The altered state of being that was the 60s and 70s brought one of the first tangible movements in automotive design: the muscle car era. And with it came a deluge of creative car names. Whether this creativity was the product of marketing genius or just a lot of reefer is largely inconsequential at this point. Names like "Barracuda" and "Marauder" will always be cool.

But for every time they got it right, even back then, there seemed to be several models that came off as pathetic or simply conjure no association whatsoever. The "Superbird" was a monster of a car, but what is that name supposed to mean? Another one I have always had trouble with is the "Monte Carlo." Sure, whenever I hear it I do tend to think of Chevy's efforts to step outside the box and offer a monster V8 in an otherwise humble sedan. But, to me, there is absolutely nothing I can think of that's less like the wealthy principality along the Mediterranean than this car.

Fast-forward to present day and the job of naming a car becomes truly grim. Most manufacturers seem to have given up on the possibility of describing the car's actual attributes. All the cool animals have been used, and even the more "aggressive" fruits, vegetables and spices have generally been taken. So all that's left is to make up their own darn names and just cross their fingers that they don't hold a secondary meaning having something to do with the church, self-gratification, and/or farm animal excrement.

And here is another question: why is it always so horribly bad when they do get it wrong? For example, why couldn't the "Opel Ascona" mean "little flower" or "cute worm," which would have been cause for just mild embarrassment, instead of female genitalia, which it does in Northern Spain and parts of Portugal? For that matter, when Buick launched the "LaCrosse" in Canada why couldn't it have come across as "the fancy pen on wheels," or something to do with archery? Nope, in French-speaking Quebec, the meaning is, of course, masturbating teenagers.

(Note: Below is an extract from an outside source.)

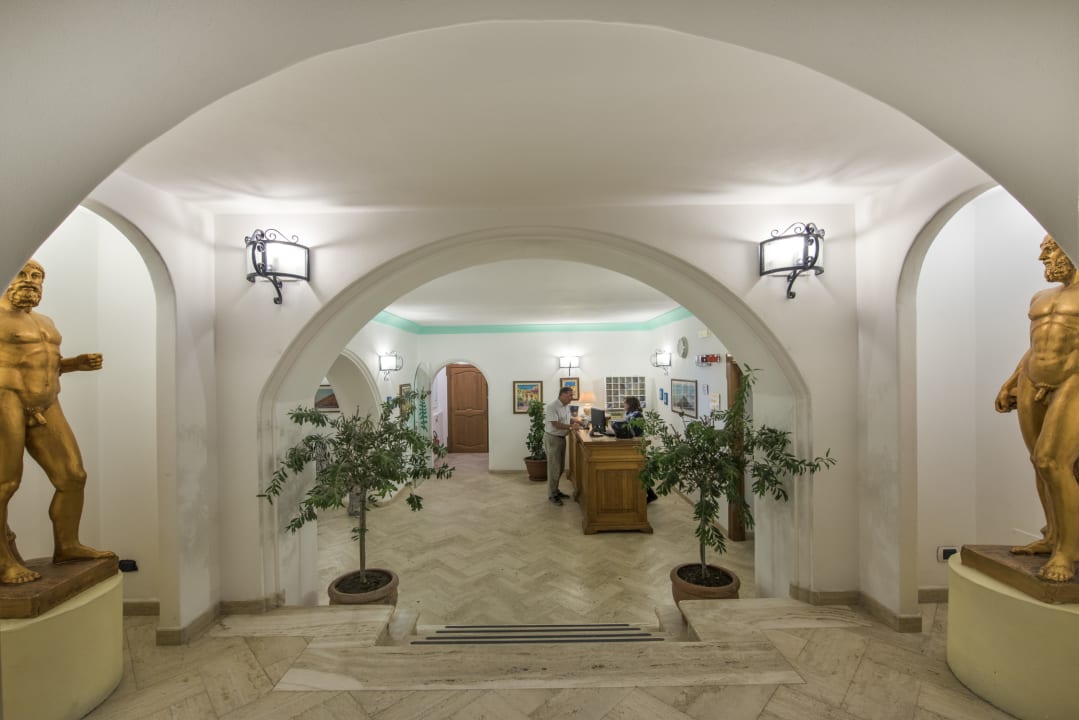 Lobby Hotel Ossidiana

Similar fates met the Honda "Fitta" in Scandinavia (again female parts), the Mitsubishi "Pajero" in Spanish-speaking countries (again with the self-gratifying male), and the always-clever Mazda "LaPuta" as the less-offensive "whore," which I don't think anyone would want to take for a spin around the block.

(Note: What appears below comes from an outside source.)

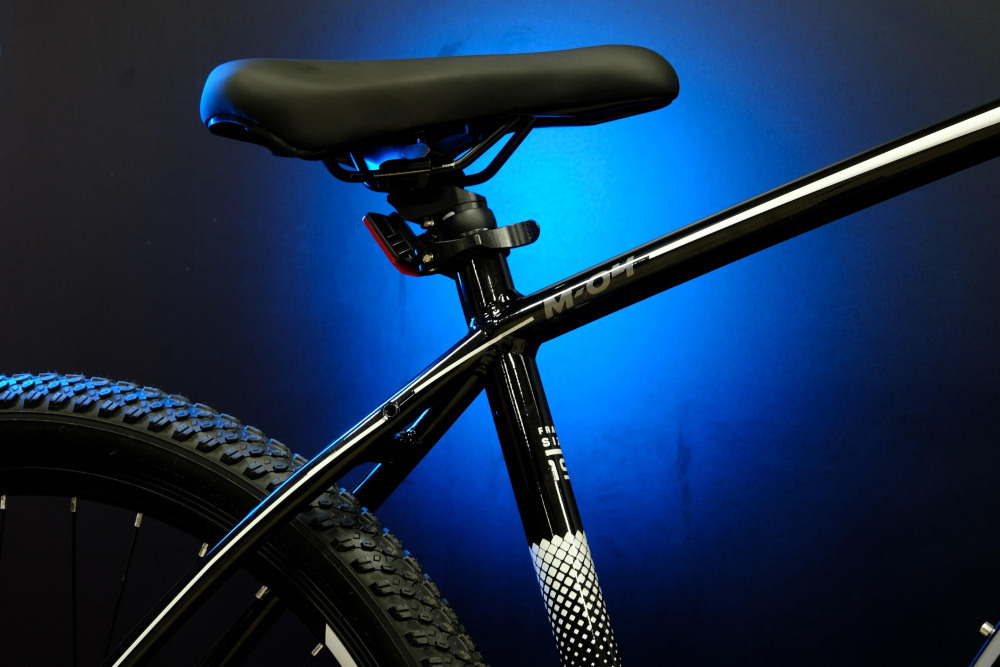 Lorak M-04 Prom Чёрно/Белый 19р (на рост 171-182)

There are a few more honest mistakes that while, mercifully, don't bury the associated company in controversy, were just plain bad ideas from the get-go. More often than not they come from the uniquely charismatic Japanese market. Some that quickly come to mind are the Honda "Life Dunk," Mazda "Bongo", Daihatsu "Naked", Volugrafo "Bimbo", Toyota "Deliboy", and my personal favorite, the Isuzu GIGA 20 "Light Dump".

Before you start feeling bad for the people who came up with these silly monikers, remember that they weren't simply slapped on the back end of the car after a brief focus group just prior to launch. These names were part of the design and image of the car directly from conception. As a matter of fact, they needed to be trademarked in a public place within the Trademark office often several years before the cars ever hit the pavement. In fact you can go there right now and see what's registered for the future Nissan "Fairlady Z".
 
Man I hate it when people write articles like this without doing their research first... :eusa_doh:

To date, I have resisted the urge to retell the tales of the famed Chevy Nova ("It won't go" in Spanish) marketing blunder and the like, but over the course of some recent research I came across several new entries that I simply could not ignore.

This one goes straight into the category of urban legends. It's a nice story but unfortunately it is not true.

But for every time they got it right, even back then, there seemed to be several models that came off as pathetic or simply conjure no association whatsoever. The "Superbird" was a monster of a car, but what is that name supposed to mean?

Superbird was the go-faster version of the Road Runner. A road runner, as everyone who has ever watched cartoons knows, is a bird. It even had a horn that went "beep-beep"!

In fact you can go there right now and see what's registered for the future Nissan "Fairlady Z".

Every Nissan Z car since the 1969 original has used that name in the Japanese market. The first Fairlady (without the Z) was a small roadster introduced in 1960.